Delta Airlines released its third quarter results last week and the numbers are very bad. But that did not surprise anyone despite a $ 5 billion deficit for the period. It should be remembered that Delta Airlines had refused aid from the US government’s first support program. Therefore, the air carrier’s situation is not worse than that of its American competitors.
Delta Airlines says it has reached an agreement with Airbus to delay deliveries of new aircraft. In fact, the company mentions that the agreement will allow it to reduce its acquisition costs for new aircraft by $ 2 billion for 2020 and $ 5 billion until 2022. But the press release does not give any details on the number of delivery deferrals and types of aircraft.
The situation in Mirabel
La Presse as mentioned that there is a traffic jam at the exit of the Airbus assembly line in Mirabel. Delta Airlines is the main cause, as since mid-March the airline has not accepted any A220s. In addition, the company still has four CRJ-900s on order.

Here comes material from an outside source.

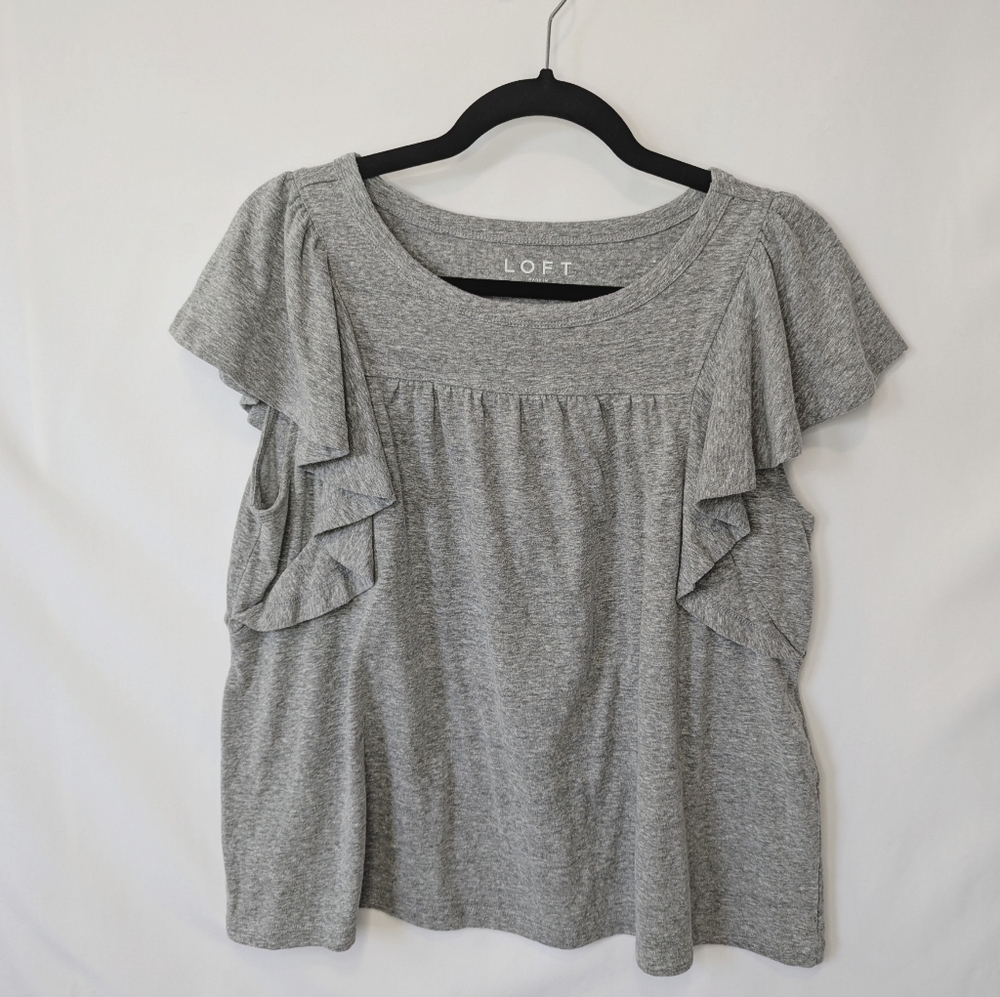 LOFT Gray Ruffle Sleeve Top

In fact, Ms. Annabelle Duchesne of Airbus Canada confirms that there will be 48 layoffs in Mirabel next December:
“These colleagues provided support services, such as aircraft logistics, maintenance and painting, for the CRJ Program. We initially planned to transfer them to A220 activities which were then ramping up – after production of the CRJ ceased at the end of the year. Now, given the impact of the pandemic which is particularly hitting the airline industry, we cannot do it. “
Ms. Duchesne also mentions that the production rate of the A220 is still at three per month. Asked if Airbus Canada still plans to upgrade to four A220s per month, Ms. Duchesne remained more vague:
“We continue to monitor the market very closely. “
We must therefore dig through all the information available to understand if Delta will take A220s in 2021.
Delta Airlines orders
As of September 30, Delta had a total of 226 Airbus aircraft on order. Based on list price, these orders would be worth $ 33 billion. Note that Airbus no longer publishes a price list of its aircraft because it was no longer representative of the price paid by airlines. By my own estimate, the value of the 226 aircraft on order would be more like $ 12.39 billion. Here is the breakdown of orders with the price paid by Delta Airlines.
The table shows how much the A220 occupies only a small portion of the value of aircraft on order. In fact, the A220 is only 15% of the total amount. With the pandemic continuing to rage, the last sector to recover the best is international flights. So it is obvious that the airline does not need more big planes like the A330-900. In 2018, the airline had already announced a postponement of A350 deliveries beyond 2025. The deliveries of A321ceo and neo alone represent a value of 2.4 billion USD for 2020-21-22. If we add 14 A330-900s we arrive at 4.5 billion USD. The A220s not delivered in 2020 represent a value of approximately 460 million USD.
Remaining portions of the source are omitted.